Lei alzò gli occhi per un istante.

“Lo so. Ti vedo.”

Ultimamente le loro conversazioni erano così.

Scarne.

Prive di colore.

E lei non ne poteva più.

La fissò per un istante.

Da quando lei, la sua migliore amica, la sua ragazza… la sua anima gemella, era diventata una perfetta sconosciuta?

Perchè la sentiva così incredibilmente distante?

“Allora… cosa mi dovevi dire?”.

La vide mordersi il labbro inferiore, e provò una sensazione di dolcezza. Adorava quando lo faceva.

Ancora silenzio.

Poi…

“Parto, Akito.”

Nessuna risposta.

“Vado in America.”

Niente.

“Frequenterò la scuola d’Arti Sceniche a Los Angeles.”.

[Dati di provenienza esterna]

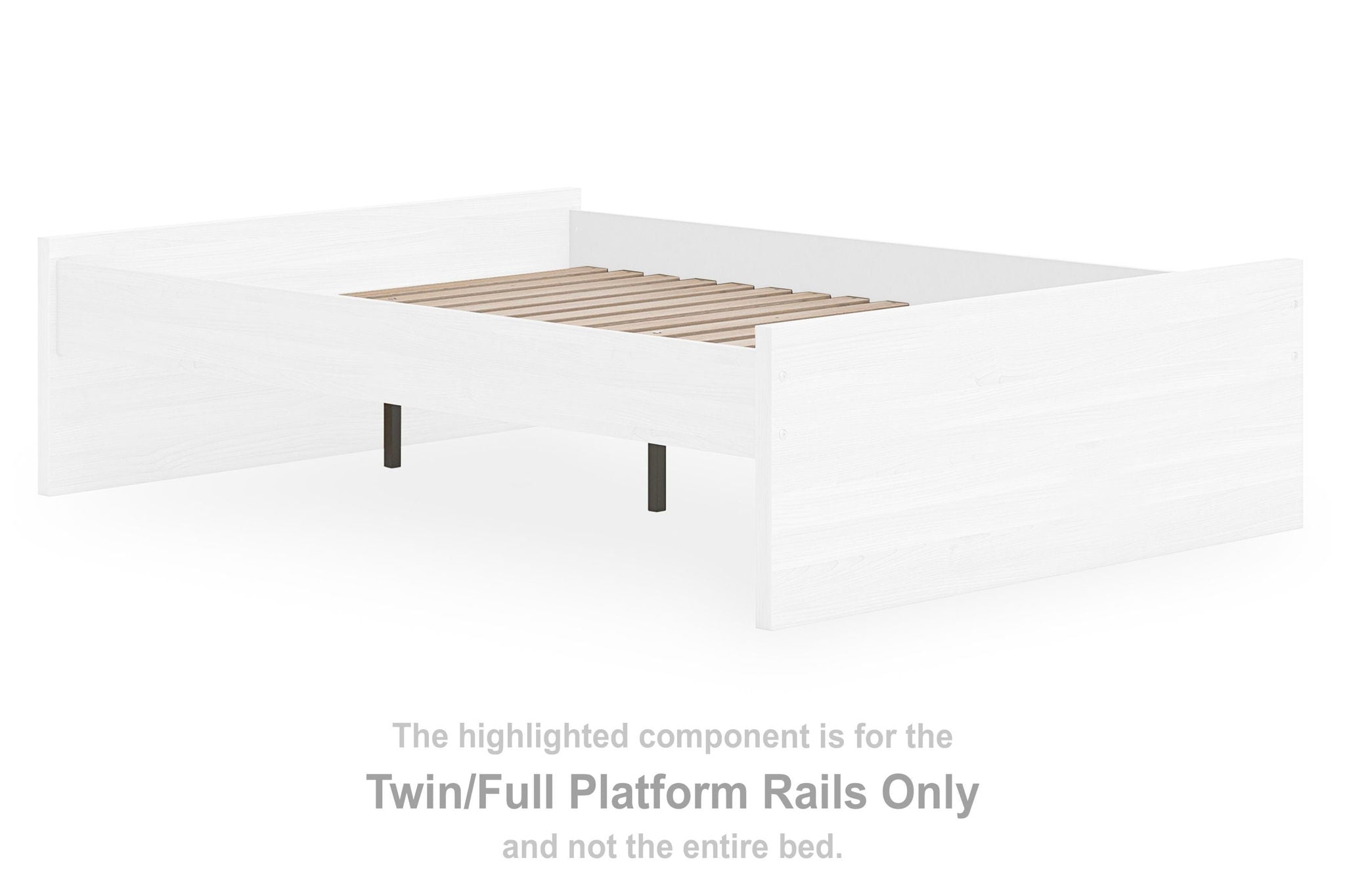 Natural wood twin/full platform rails with slatted platform, highlighted component only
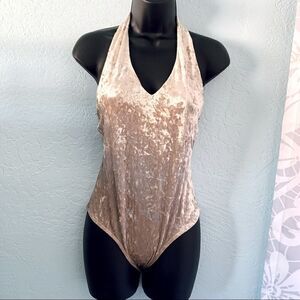 LA Hearts Champagne Crushed Velvet Halter Bodysuit Size XS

Lui non dava segno d’averla sentita.

“E non so quando tornerò.”

Alzò gli occhi profondi verso di lei.

Voleva morire.

“è la tua vita, Kurata. Non devi rendere a me…”.

Lei lo guardò con stizza.

“Non devo rendere a te? Non devo…”. Sospirò. “è tutto qui? non hai altro da dirmi?”.

Lui sorrise senza allegria. “Tanto, qualsiasi cosa io ti dica, tu partirai lo stesso, no?”.

Sana abbassò gli occhi velati di lacrime.

E se ne andò.

***

“Fiori?”.

“Ci sono!!” disse allegramente Tsuyoshi, stringendo poi con forza la mano della bella fidanzata.

“Palloncini?”.

Rei guardò Fuka. “Sana odia i palloncini!”.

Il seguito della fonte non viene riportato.